• **Work to complete**: An exact reproduction of the records is required, with all pictures omitted.

(Records contained in a dataset)

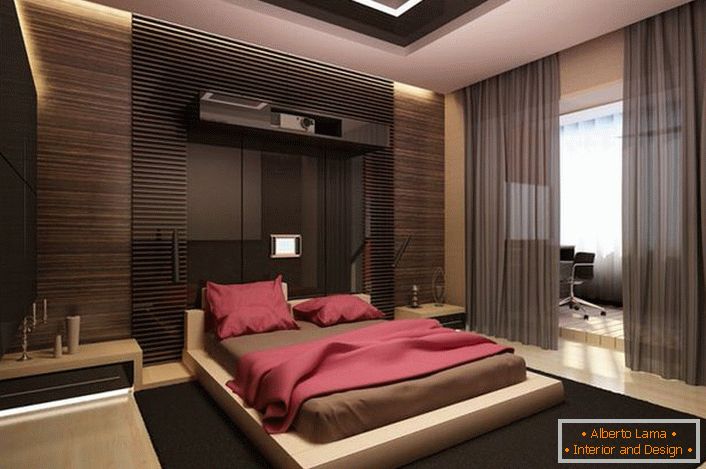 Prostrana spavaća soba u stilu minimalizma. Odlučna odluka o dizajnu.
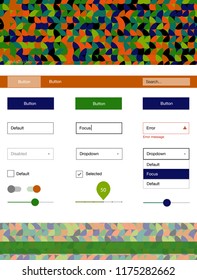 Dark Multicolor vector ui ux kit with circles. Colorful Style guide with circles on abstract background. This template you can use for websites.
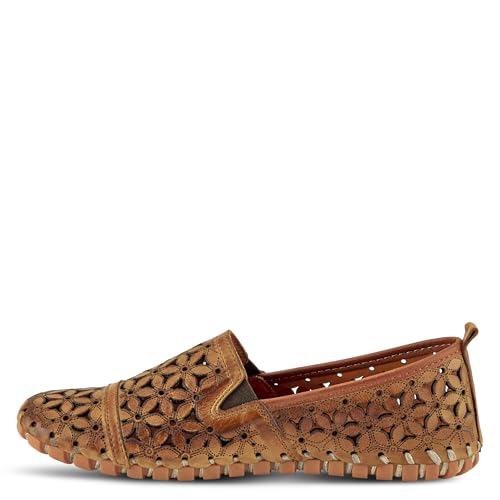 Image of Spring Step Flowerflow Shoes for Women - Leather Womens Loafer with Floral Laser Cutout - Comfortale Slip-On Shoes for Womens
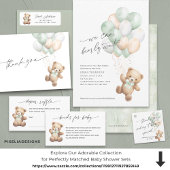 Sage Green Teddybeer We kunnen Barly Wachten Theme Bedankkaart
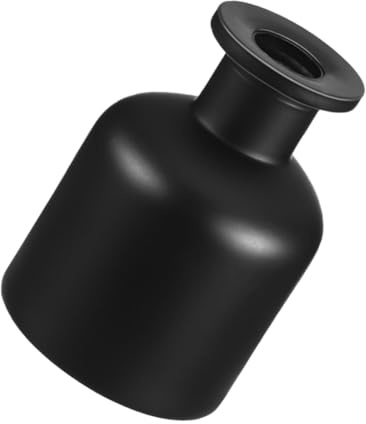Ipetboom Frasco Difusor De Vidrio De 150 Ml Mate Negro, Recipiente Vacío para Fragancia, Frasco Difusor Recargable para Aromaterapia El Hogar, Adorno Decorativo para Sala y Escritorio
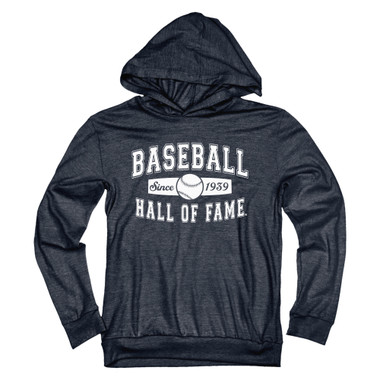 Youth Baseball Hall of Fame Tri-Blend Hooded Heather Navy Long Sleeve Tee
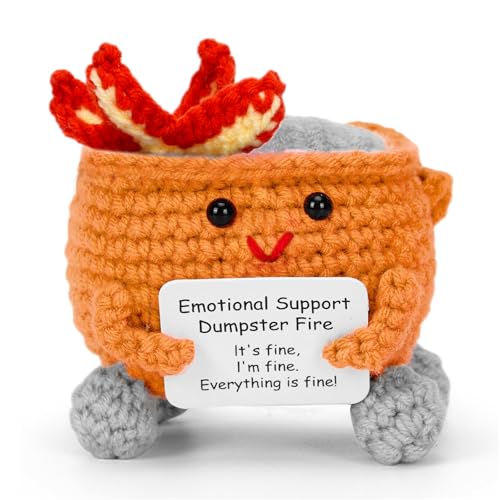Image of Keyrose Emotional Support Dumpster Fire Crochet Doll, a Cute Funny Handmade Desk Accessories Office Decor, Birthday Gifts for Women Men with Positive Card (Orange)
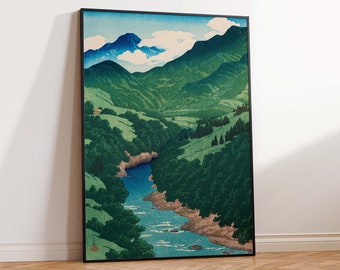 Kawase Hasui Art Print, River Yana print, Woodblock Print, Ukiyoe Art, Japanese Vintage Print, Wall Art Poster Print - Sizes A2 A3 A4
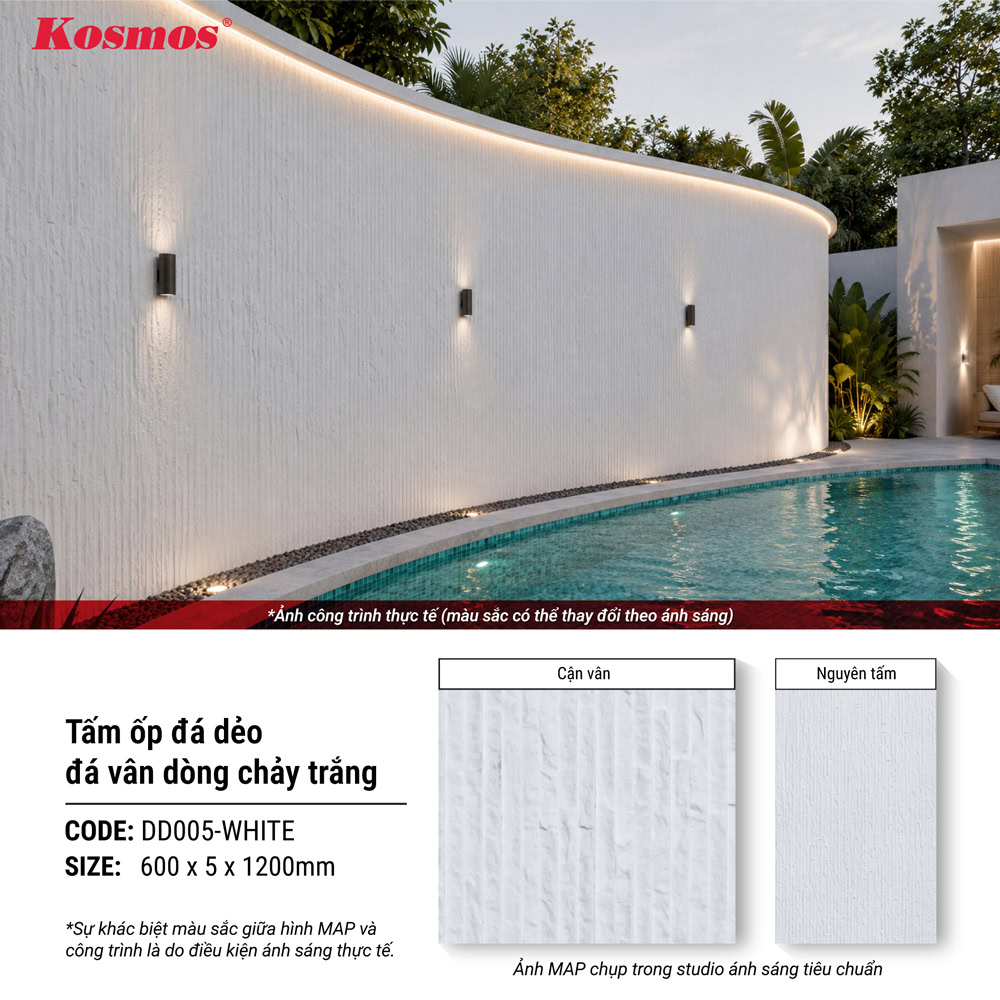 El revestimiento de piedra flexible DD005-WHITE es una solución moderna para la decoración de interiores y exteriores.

• **Expected answer**:
 Prostrana spavaća soba u stilu minimalizma. Odlučna odluka o dizajnu.
 Dark Multicolor vector ui ux kit with circles. Colorful Style guide with circles on abstract background. This template you can use for websites.
 Image of Spring Step Flowerflow Shoes for Women - Leather Womens Loafer with Floral Laser Cutout - Comfortale Slip-On Shoes for Womens
 Sage Green Teddybeer We kunnen Barly Wachten Theme Bedankkaart
Ipetboom Frasco Difusor De Vidrio De 150 Ml Mate Negro, Recipiente Vacío para Fragancia, Frasco Difusor Recargable para Aromaterapia El Hogar, Adorno Decorativo para Sala y Escritorio
 Youth Baseball Hall of Fame Tri-Blend Hooded Heather Navy Long Sleeve Tee
Image of Keyrose Emotional Support Dumpster Fire Crochet Doll, a Cute Funny Handmade Desk Accessories Office Decor, Birthday Gifts for Women Men with Positive Card (Orange)
 Kawase Hasui Art Print, River Yana print, Woodblock Print, Ukiyoe Art, Japanese Vintage Print, Wall Art Poster Print - Sizes A2 A3 A4
 El revestimiento de piedra flexible DD005-WHITE es una solución moderna para la decoración de interiores y exteriores.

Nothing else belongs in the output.